My guess. push_back/push_front can allocate a new memory block. A deque iterator must know when increment/decrement operator should jump into the next block. The implementation may store that information in iterator itself. Incrementing/decrementing an old iterator after push_back/push_front may not work as intended.
This code may or may not fail with run time error. On my Visual Studio it failed in debug mode but run to the conclusion in release mode. On Linux it caused segmentation fault.
#include <iostream>
#include <deque>
int main() {
std::deque<int> x(1), y(1);
std::deque<int>::iterator iterx = x.begin();
std::deque<int>::iterator itery = y.begin();
for (int i=1; i<1000000; ++i) {
x.push_back(i);
y.push_back(i);
++iterx;
++itery;
if(*iterx != *itery) {
std::cout << "increment failed at " << i << '\n';
break;
}
}
}
The key thing is not to make any assumptions just treat the iterator as if it will be invalidated.
Even if it works fine now, a later version of the compiler or the compiler for a different platform might come along and break your code. Alternatively, a colleague might come along and decide to turn your deque into a vector or linked list.
An iterator is not just a reference to the data. It must know how to increment, etc.
In order to support random access, implementations will have a dynamic array of pointers to the chunks. The deque iterator will point into this dynamic array. When the deque grows, a new chunk might need to be allocated. The dynamic array will grow, invalidating its iterators and, consequently, the deque's iterators.
So it is not that chunks are reallocated, but the array of pointers to these chunks can be. Indeed, as Johannes Schaub noted, references are not invalidated.
Also note that the deque's iterator guarantees are not less than the vector's, which are also invalidated when the container grows.

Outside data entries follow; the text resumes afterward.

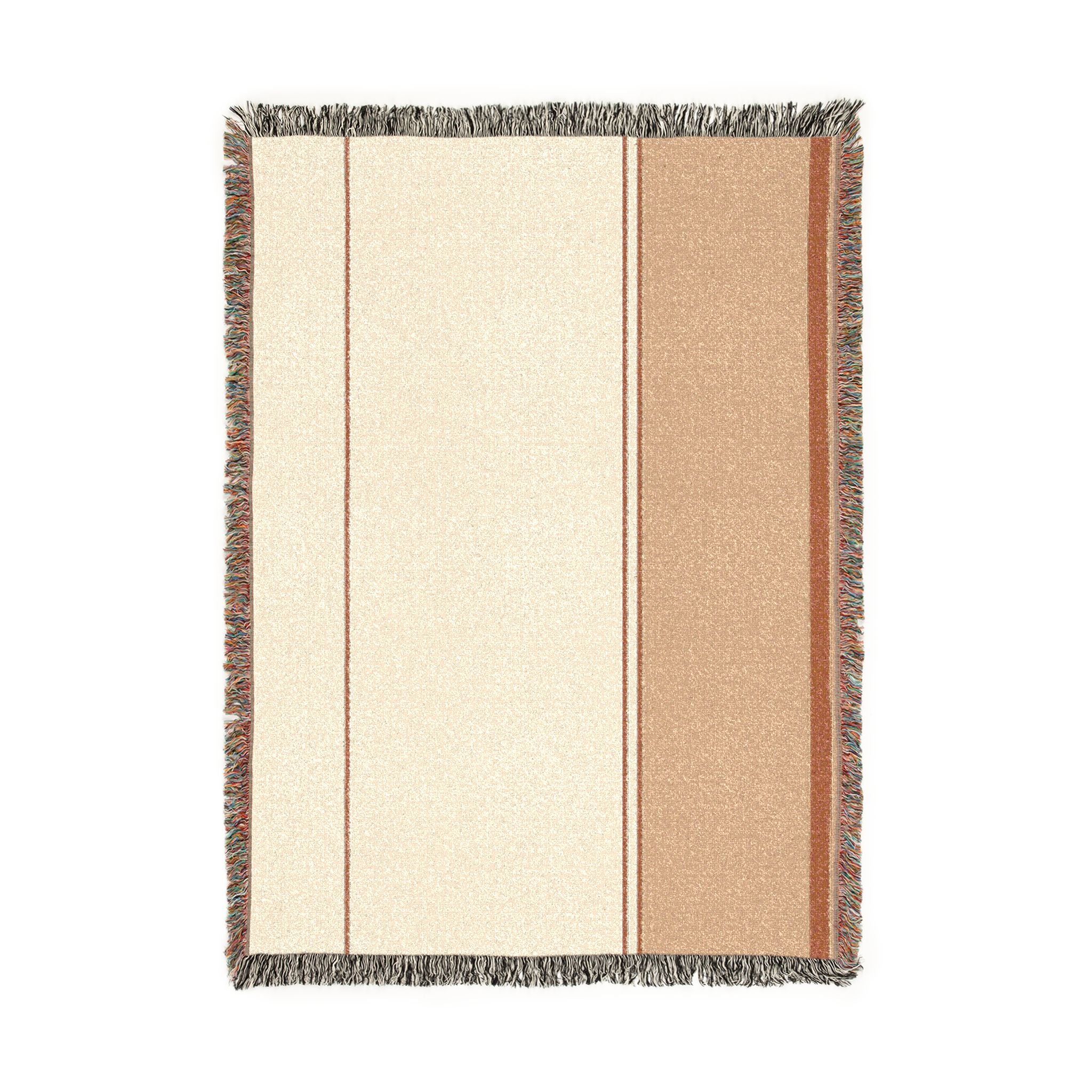 Ember Throw — Warm White · Honey · Clay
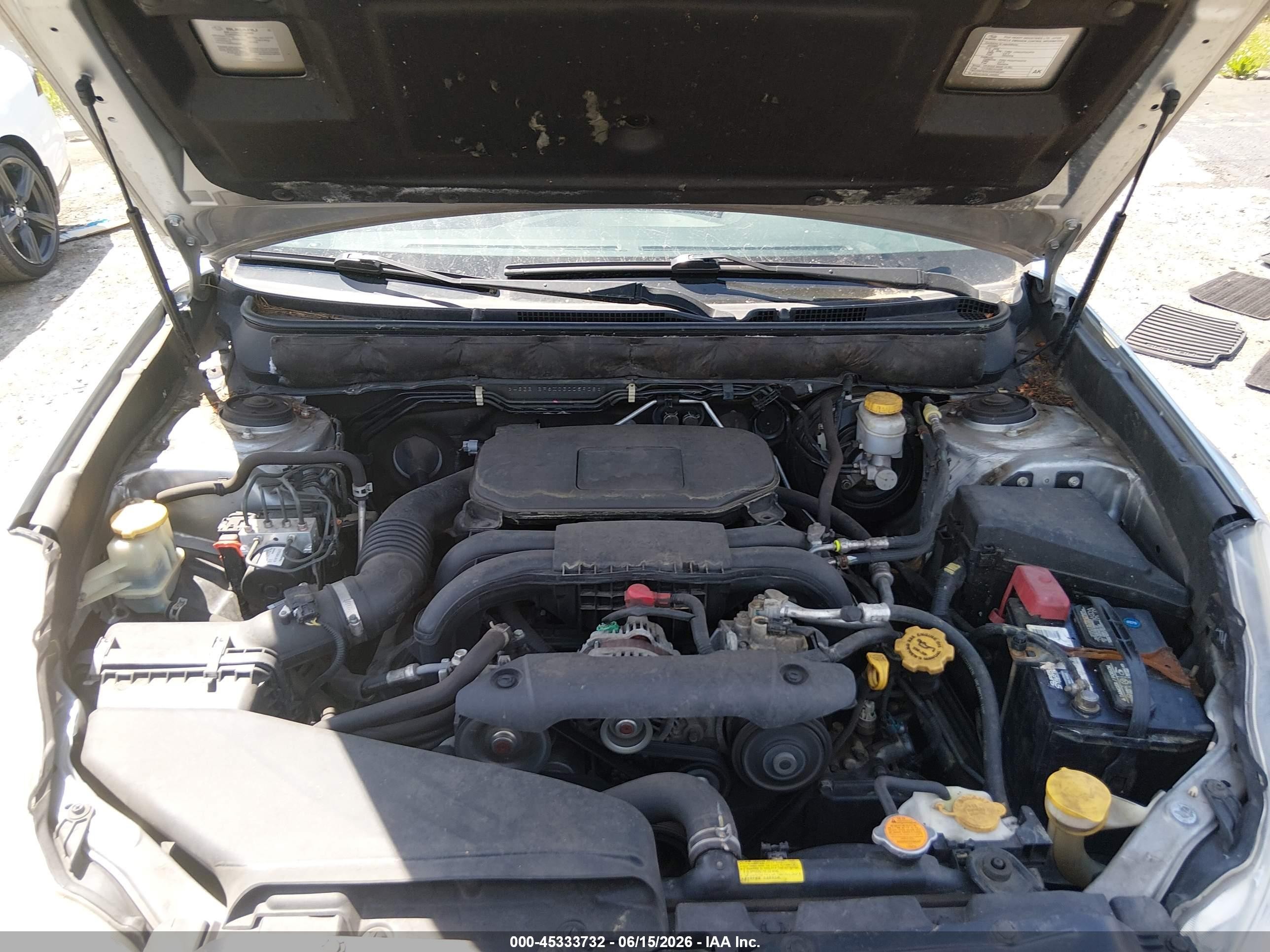 2012 Subaru Legacy 2.5i Premium Серебряный vin: 4S3BMBF6XC3005908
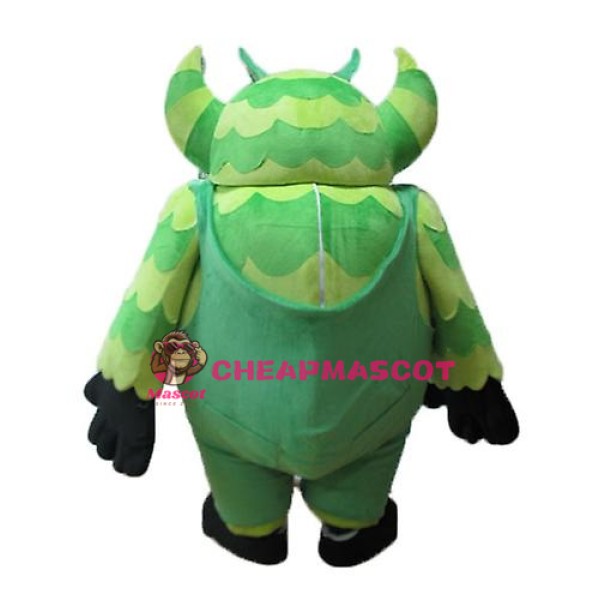 Green Monster Mascot Costume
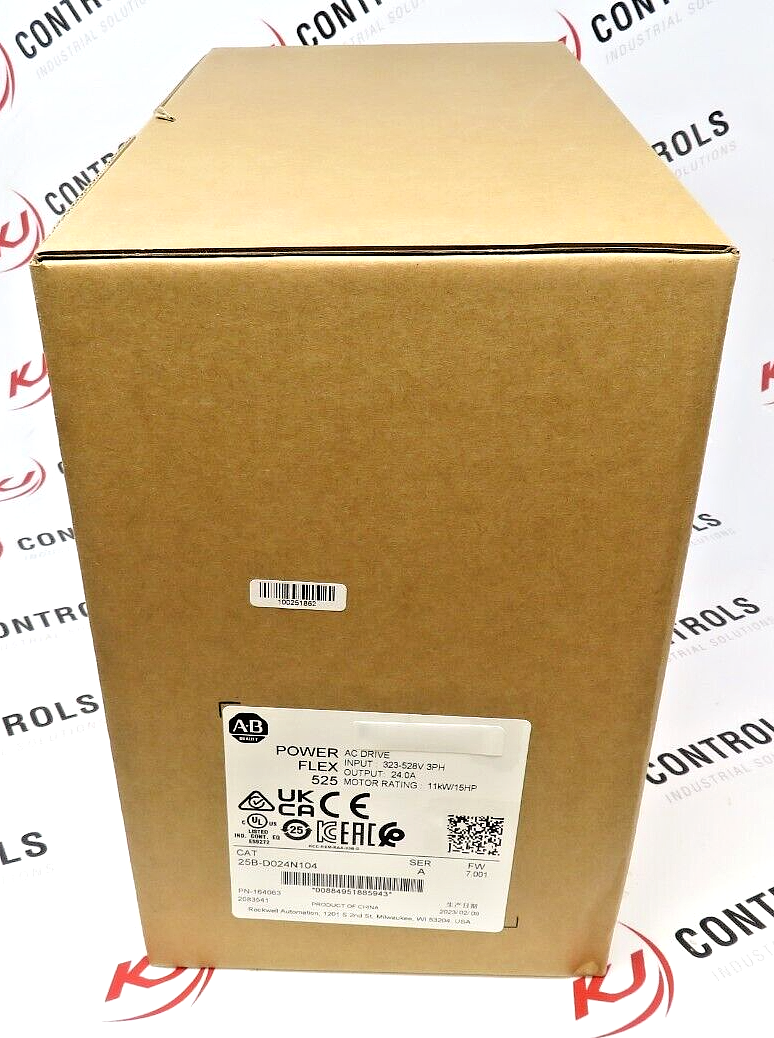 Allen-Bradley 25B-D024N104 PowerFlex 525 11kW 15HP AC Drive
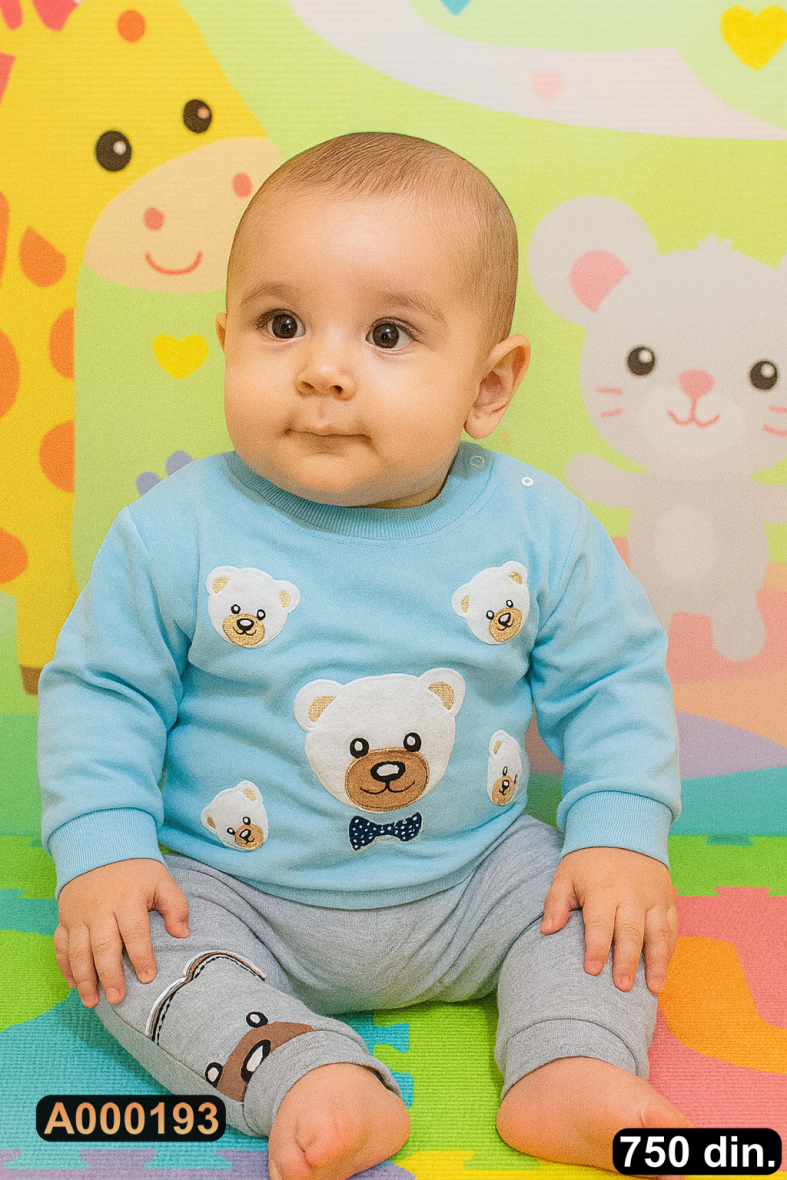 Pamučni komplet iz 2 dela (68-80)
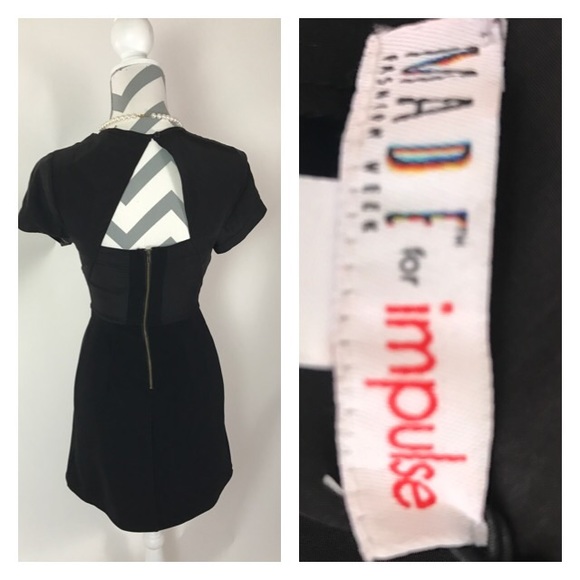 Made for Impulse Little Black Dress Size XS - Picture 4 of 5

Even when you are allocating in chunks, an insert will cause that particular chunk to be reallocated if there isn't enough space (as is the case with vectors).
Because the standard says it can. It does not mandate that deque be implemented as a list of chunks. It mandates a particular interface with particular pre and post conditions and particular algorithmic complexity minimums.
Implementors are free to implement the thing in whatever way they choose, so long as it meets all of those requirements. A sensible implementation might use lists of chunks, or it might use some other technique with different trade-offs.
It's probably impossible to say that one technique is strictly better than another for all users in all situations. Which is why the standard gives implementors some freedom to choose.